- #1

- 71

- 2

## Homework Statement

(This is part of a problem from Schwarz book on QFT).

1. Show that a propagator only has an imaginary part if it goes on-shell. Explicitly, show that $$Im(M)=-\pi\delta(p^2-m^2)$$ when $$iM=\frac{i}{p^2-m^2+i\epsilon}$$

2. Loops of particles can produce effective interactions which have imaginary parts. Suppose we have another particle ##\psi## and an interaction ##\phi\psi\psi## in the Lagrangian. Loops of ##\phi## will have imaginary parts if and only if ##\psi## is lighter than half of ##\phi##, that is, if ##\phi \to \psi \psi## is allowed kinematically. Draw a series of loop corrections to the ##\phi## propagator. Show that if these give an imaginary number, you can sum the graphs to get for the propagator $$\frac{i}{p^2-m^2+im\Gamma}$$

## Homework Equations

## The Attempt at a Solution

1. So we have $$M=\frac{1}{p^2-m^2+i\epsilon} = \frac{p^2-m^2-i\epsilon}{(p^2-m^2)^2+\epsilon^2}$$ $$Im(M) = \frac{-\epsilon}{(p^2-m^2)^2+\epsilon^2}$$ How do I get a ##\pi## and a delta function from this? And why would ##p^2\neq m^2## imply that this is zero?

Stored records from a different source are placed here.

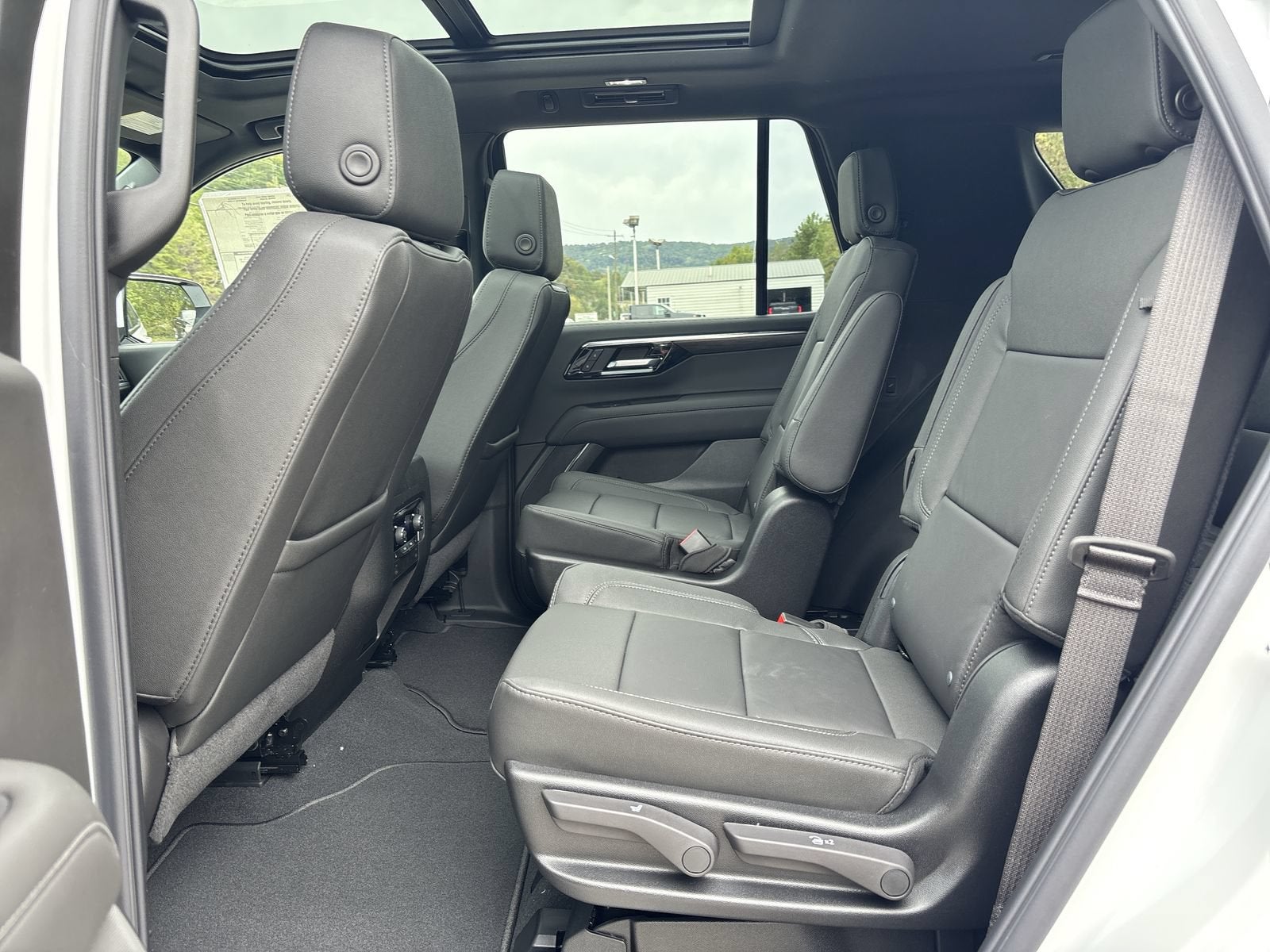 2027 Chevrolet Tahoe Z71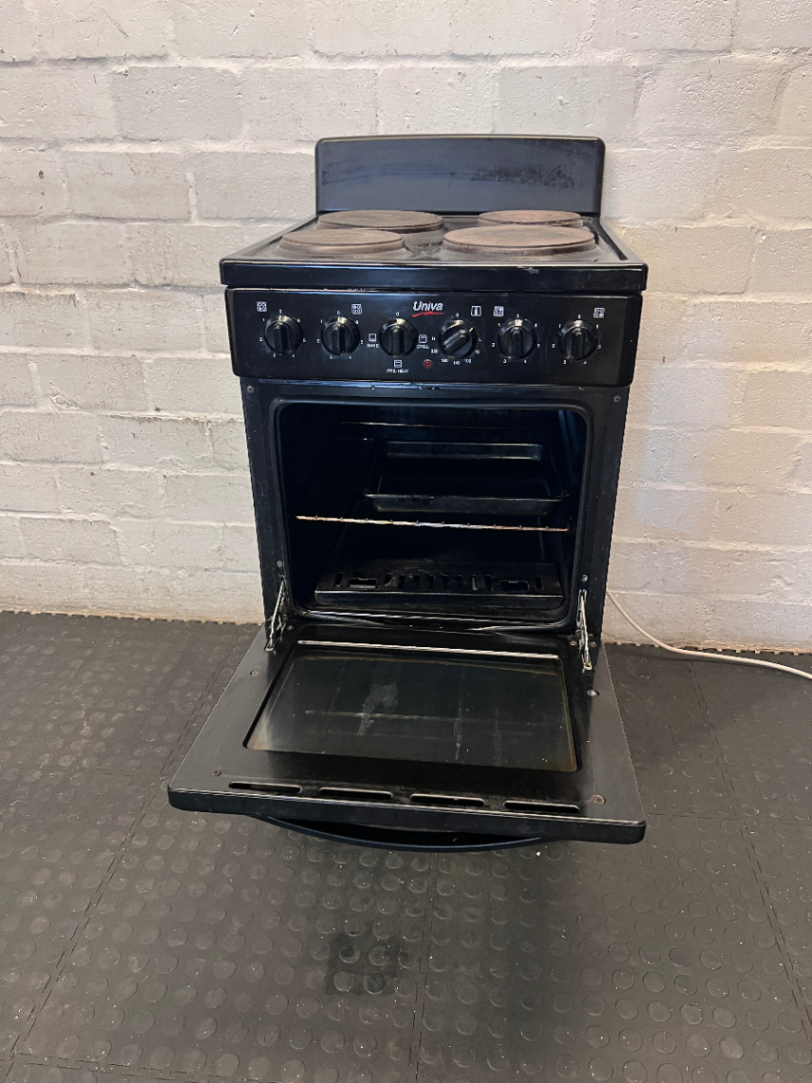 Black Univa 4-Plate Stove and Oven - Good Condition - 2ndhandwarehouse.com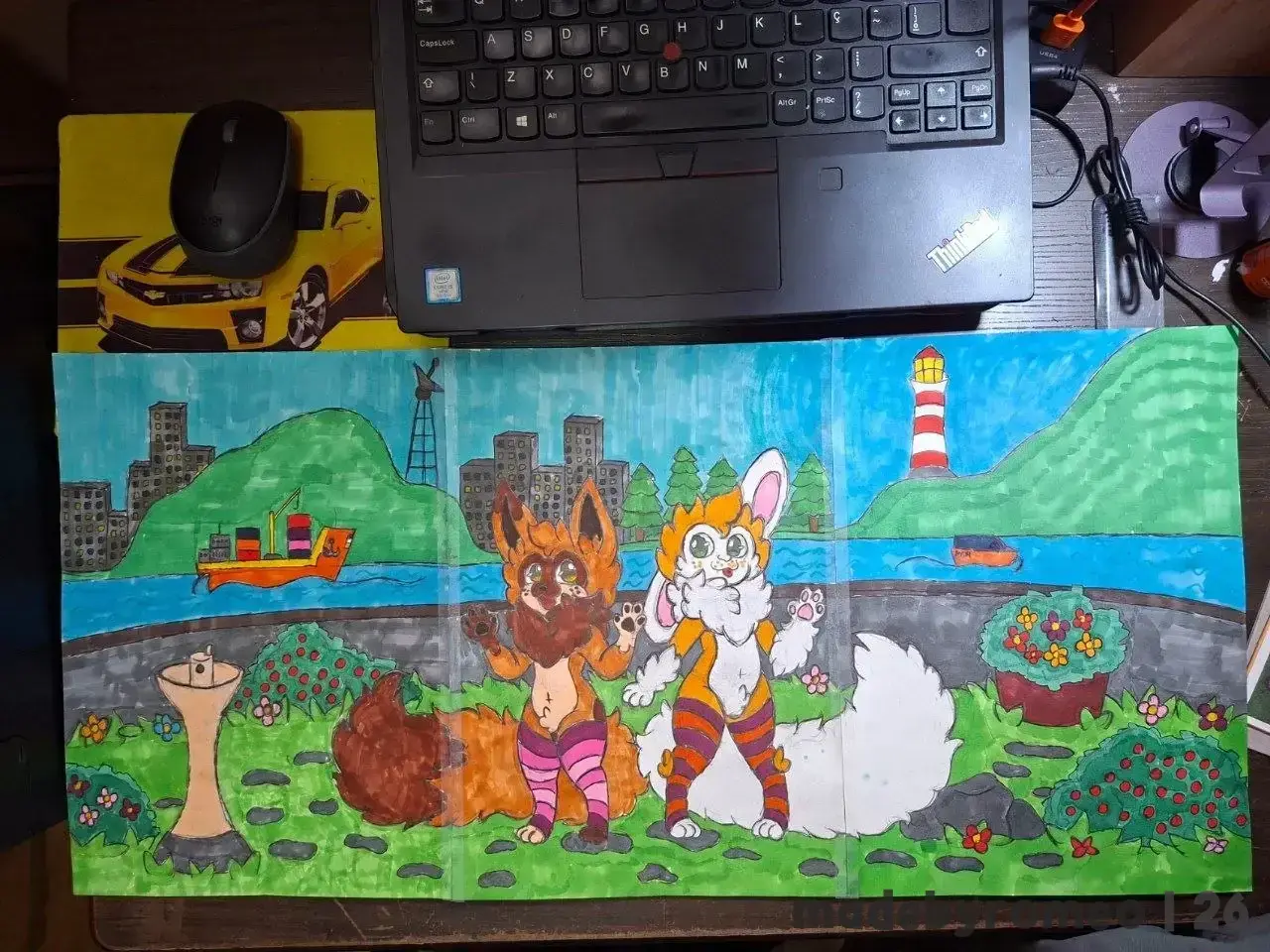 Apenas o Cannella e o Romeo numa praça. Os dois estão com meias, o Cannella está mostrando as patas e falando algo enquanto que o Romeo está acenando e mostrando a língua. Foto do desenho completo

2. I am not sure I understand this part. If we write corrections we would have first a straight line (simple propagator), then one loop, 2 loops and so on, so I assume we need a power series. But I am not sure how to proceed, what should I write for the propagators of the 2 particles? And I am not sure how does the imaginary part come into play (maybe if I do part 1 I can understand this better).